Input data Start Marker

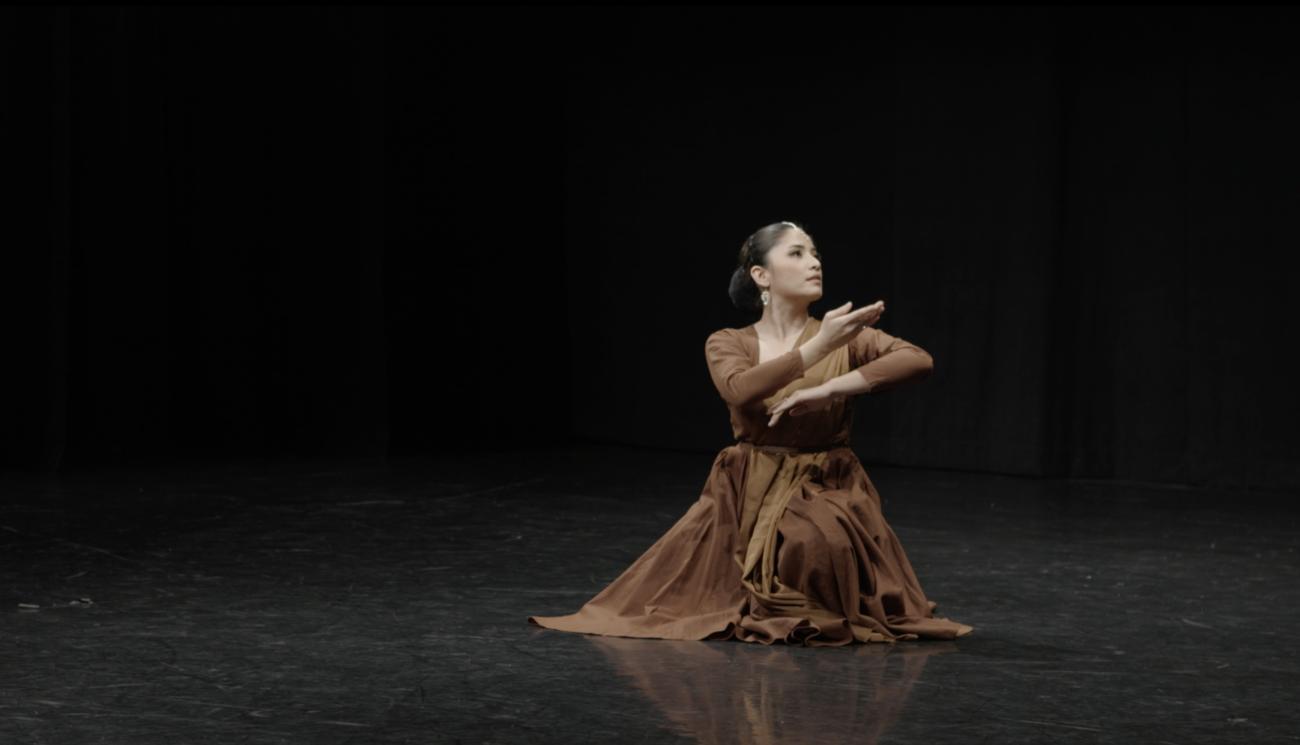 Dancer Fiana Kawane dancing on stage. She sits on the floor looking to their left, their hands are folded and posing near their chest.
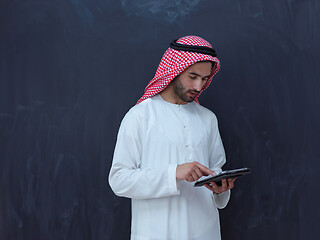 Image showing young arabian muslim businessman using tablet computer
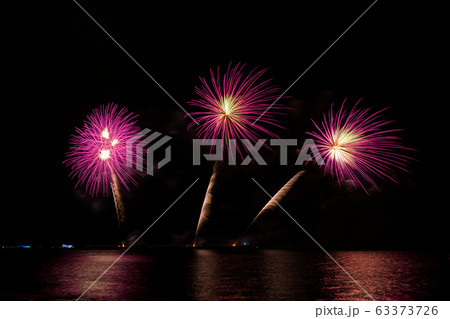 Colorful fireworks of various colors at night with celebration and anniversary concept. 63373726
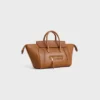 Liten luggage i mjukt, glansigt lammskinn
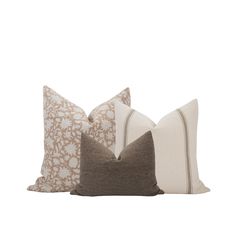 three pillows with different patterns on them, one is brown and the other is white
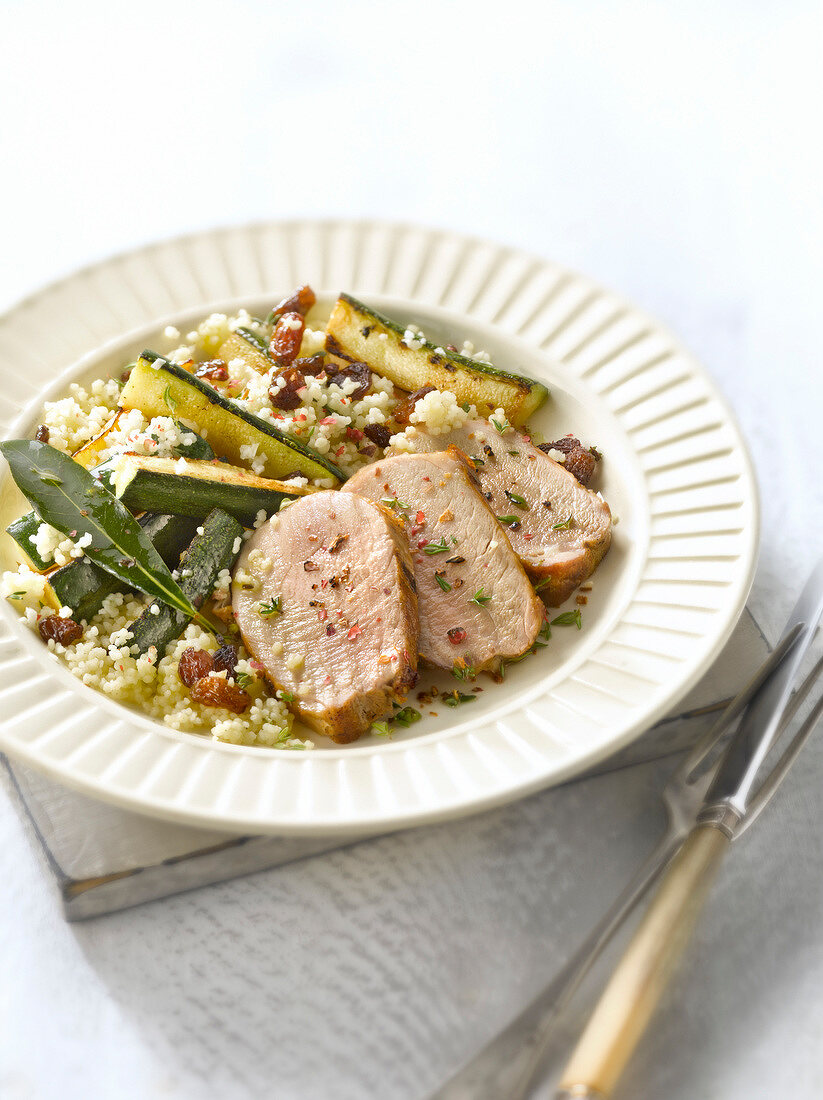 Pork filet mignon with semolina, zucchinis and raisins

Input data End Marker

(What the exercise asks)
Copy the records above precisely, and leave every image out of the copy.

(Answer to this exercise)
 Dancer Fiana Kawane dancing on stage. She sits on the floor looking to their left, their hands are folded and posing near their chest.
 Image showing young arabian muslim businessman using tablet computer
 Colorful fireworks of various colors at night with celebration and anniversary concept. 63373726
 Liten luggage i mjukt, glansigt lammskinn
 three pillows with different patterns on them, one is brown and the other is white
 Pork filet mignon with semolina, zucchinis and raisins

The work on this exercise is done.